In step S502, the control unit 201 displays, on the display unit 205, a setting screen on which the second information 402 of the expansion apparatus 120 can be set. The user can input the second information 402 of the expansion apparatus 120 to the setting screen by the operation unit 204. The control unit 201 records, in the recording medium 210, as the second information 402 of the expansion apparatus 120, information input by the user via the operation unit 204, and advances the processing to step S503.
In step S503, the control unit 201 causes the recording unit 206 to read out the second information 402 of the expansion apparatus 120 from the recording medium 210 and load it into the volatile memory 202, and advances the processing to step S504.
In step S504, the control unit 201 causes the recording unit 206 to read out the first information 401 of the inference apparatus 100 from the recording medium 210 and load it into the volatile memory 202, and advances the processing to step S505.
In step S505, the control unit 201 causes the recording unit 206 to read out the learned inference model 404 from the recording medium 210 and load it into the volatile memory 202, and advances the processing to step S506.
In step S506, the control unit 201 causes the recording unit 206 to read out the third information 403 for program conversion from the recording medium 210 and load it into the volatile memory 202, and advances the processing to step S507.
In step S507, the control unit 201 determines one of the expansion apparatus 120 and the inference unit 108 of the inference apparatus 100 to which the arithmetic processing of each processing layer in the learned inference model 404 is distributed, and advances the processing to step S508. Details of the distribution processing will be described later with reference to FIG. 6.
In step S508, the control unit 201 generates program codes of the inference program executable by the expansion apparatus 120 and the inference unit 108 of the inference apparatus 100 in accordance with the distribution method determined in step S507, and ends this processing.
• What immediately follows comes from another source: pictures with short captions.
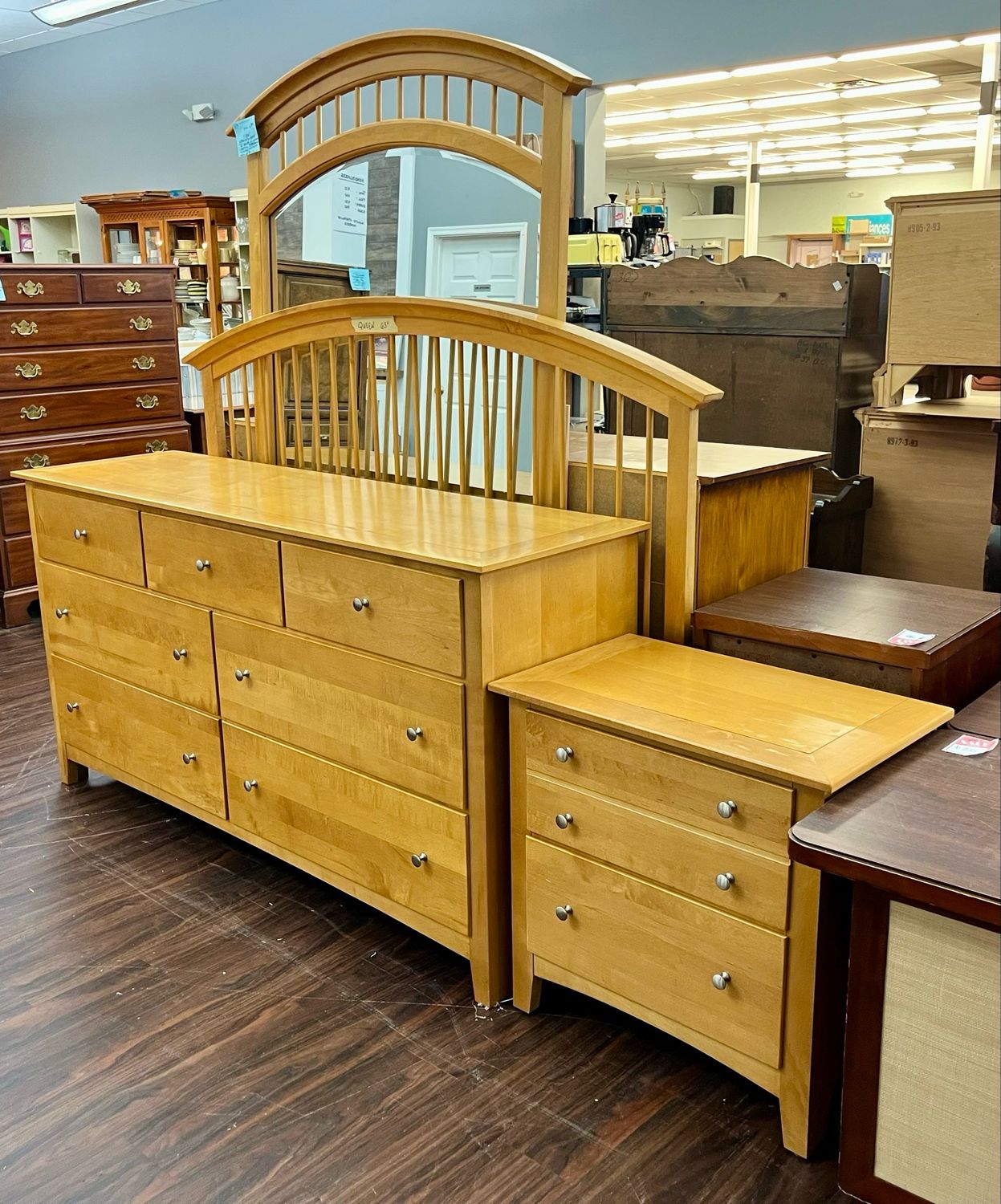 4 Pc. All Wood Queen Bedroom Set by Stanley Furniture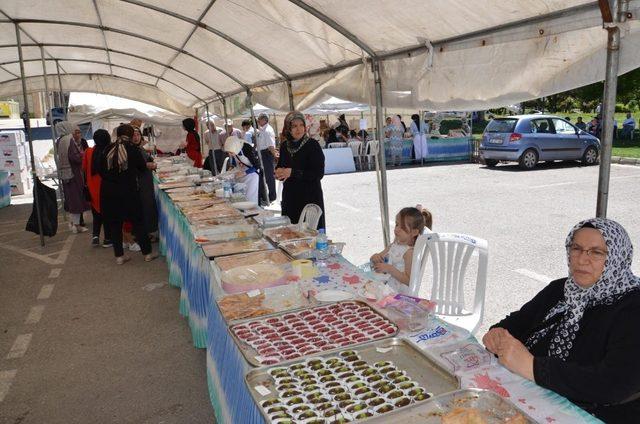 Malatya’da yetim çocuklar yararına kermes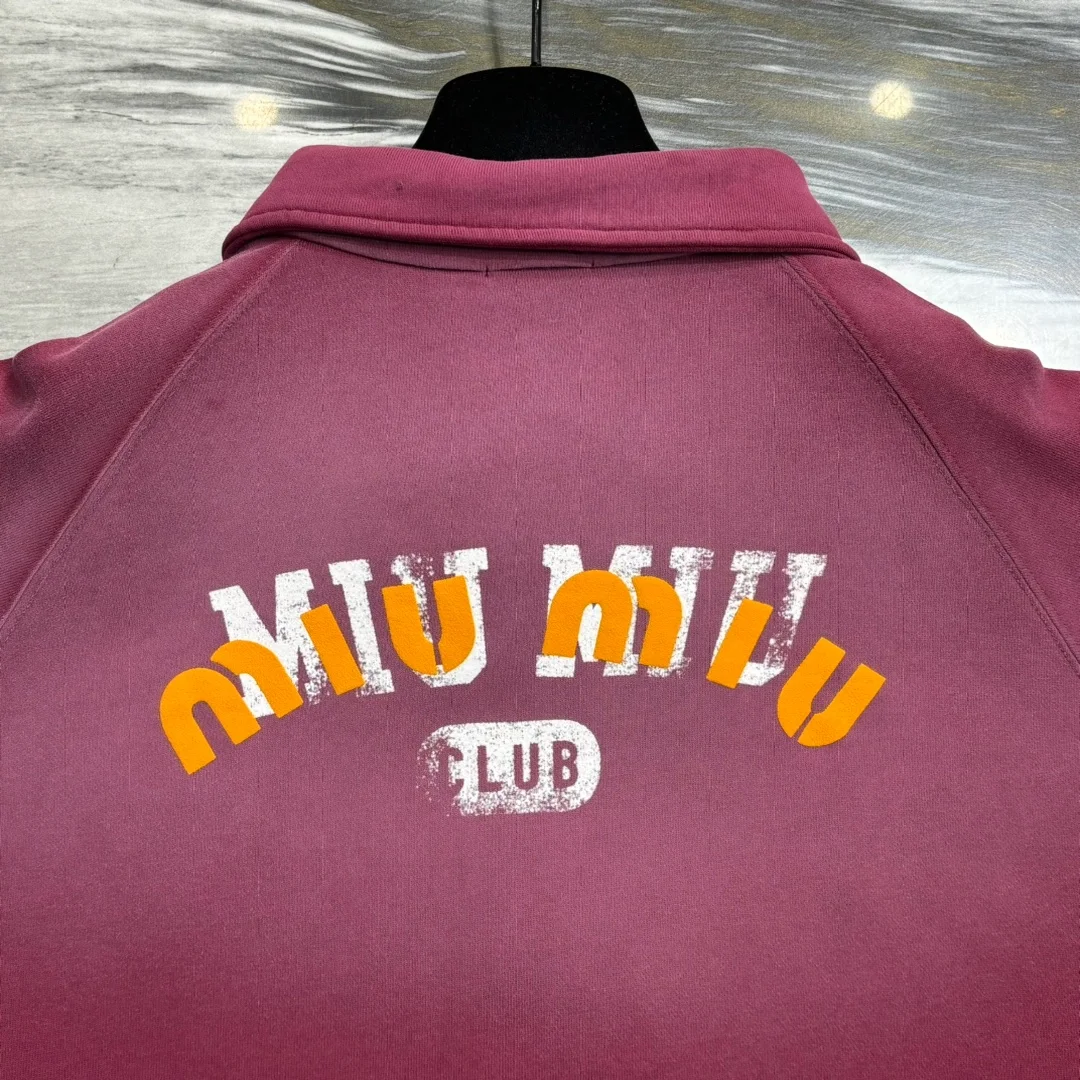 미우미우 롱 슬리브 폴로 로고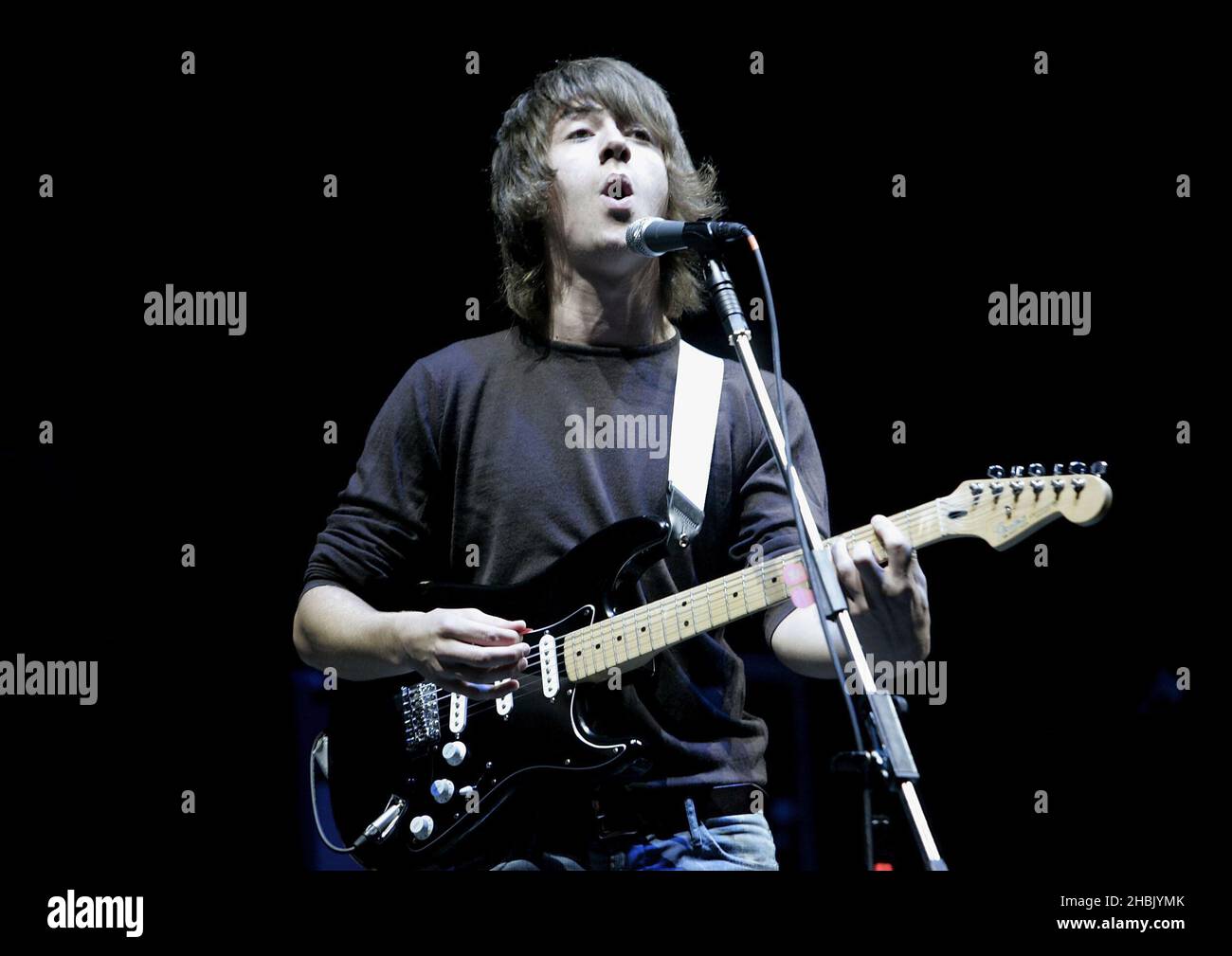 Alex Turner des Arctic Monkeys se produit au Reading Festival, à Reading, le 26 août 2006. Divertissement. Banque D'Images Alex Turner des Arctic Monkeys se produit au Reading Festival, à Reading, le 26 août 2006. Divertissement. Banque D'Images
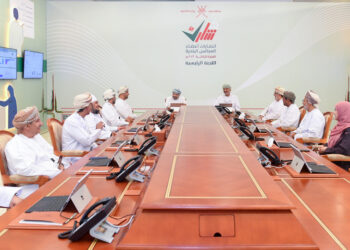 وزير الداخلية يتابع سير العملية الانتخابية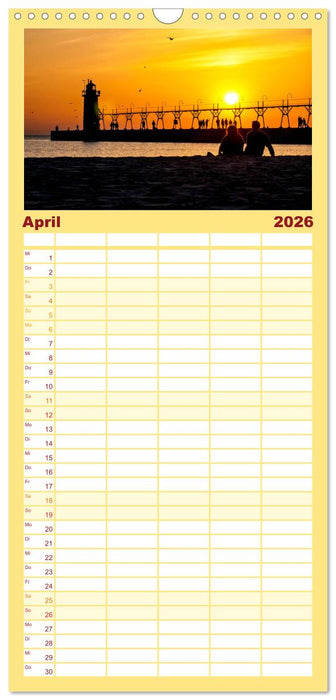 Leuchttürme - maritime Wegweiser (CALVENDO Familienplaner 2026)
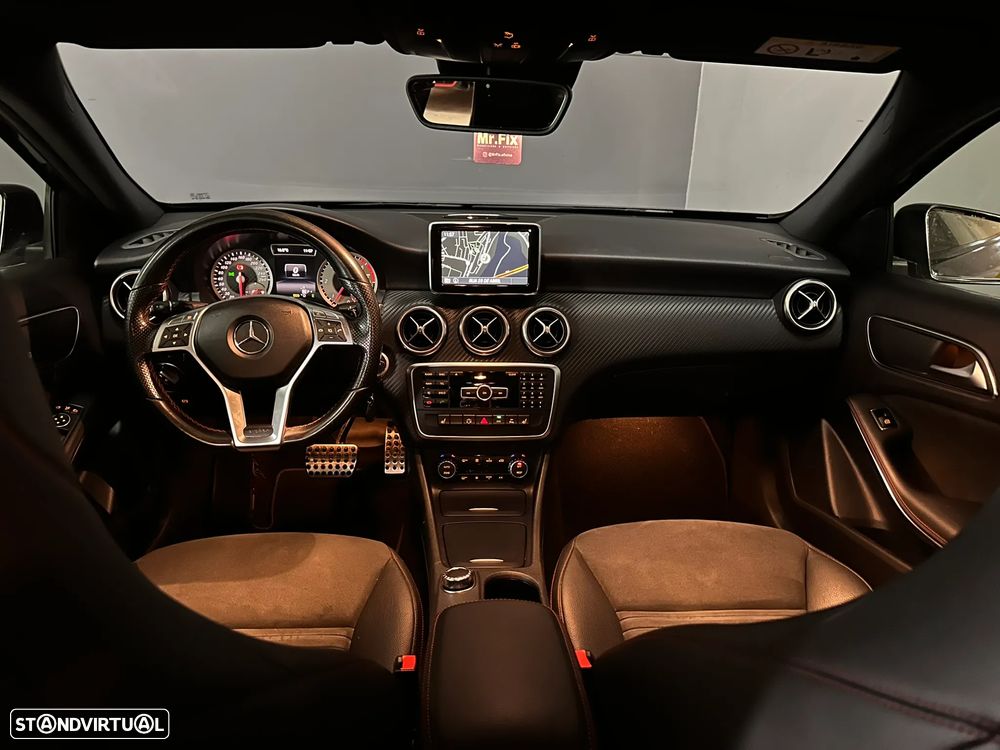 Mercedes-Benz A 220 d 7G-DCT AMG Line - 14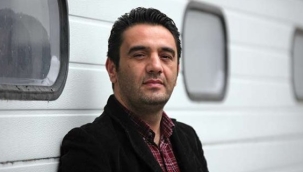 Şair Bülent Parlak hayatını kaybetti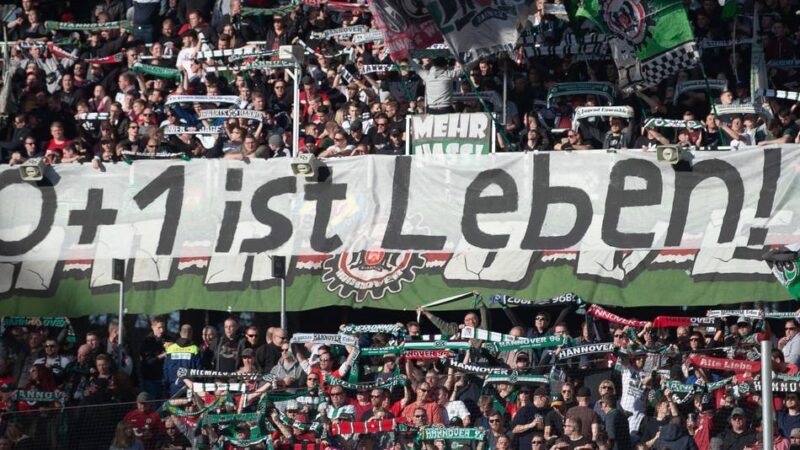 Ende der Ausnahmen in Leverkusen und Wolfsburg?: Profifußball am Scheideweg – DFL muss bei 50+1-Regel nachjustieren
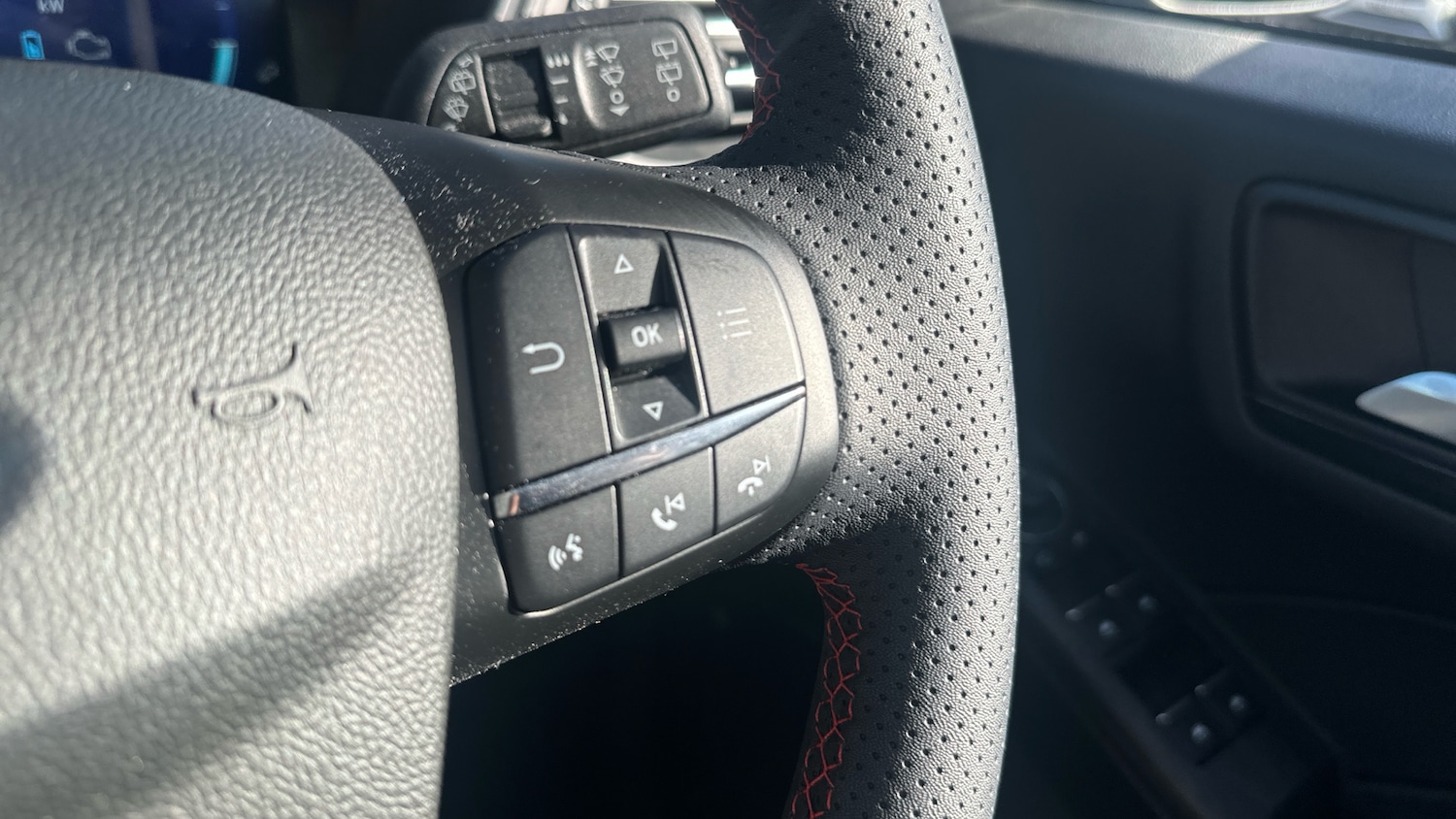 Used Ford Kuga 2023 for sale - 78025262: Photo 35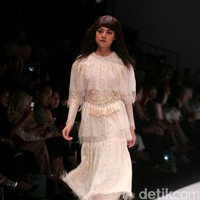 Koleksi Busana Barli Asmara yang mengangkat tema Glittery and Glamour di Jakarta fashion . Week 2017. Senayan City. Jakarta. [Foto: Mohammad Abduh/Wolipop]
In this case, the control unit 201 may execute quantization processing for reduction in weight of the inference model, such as a decrease in number of bits of the inference parameter, as needed.
FIG. 6 is a flowchart illustrating the distribution processing in step S507 of FIG. 5.
In step S601, the control unit 201 determines whether the arithmetic processing of each processing layer in the learned inference model 404 is executable in both the expansion apparatus 120 and the inference unit 108 of the inference apparatus 100. When the control unit 201 determines that the arithmetic processing of each processing layer in the learned inference model 404 is executable in both the expansion apparatus 120 and the inference unit 108 of the inference apparatus 100 (YES in step S601), the control unit 201 advances the processing to step S602. When the control unit 201 determines that the arithmetic processing of each processing layer in the learned inference model 404 is inexecutable in both the expansion apparatus 120 or the inference unit 108 of the inference apparatus 100 (NO in step S601), the control unit 201 advances the processing to step S606.
In step S602, the control unit 201 selects items to be compared with respect to the first information 401 of the inference apparatus 100 and the second information of the expansion apparatus 120 based on the third information 403 for program conversion, stores the selected items in the volatile memory 202, and then advances the processing to step S603.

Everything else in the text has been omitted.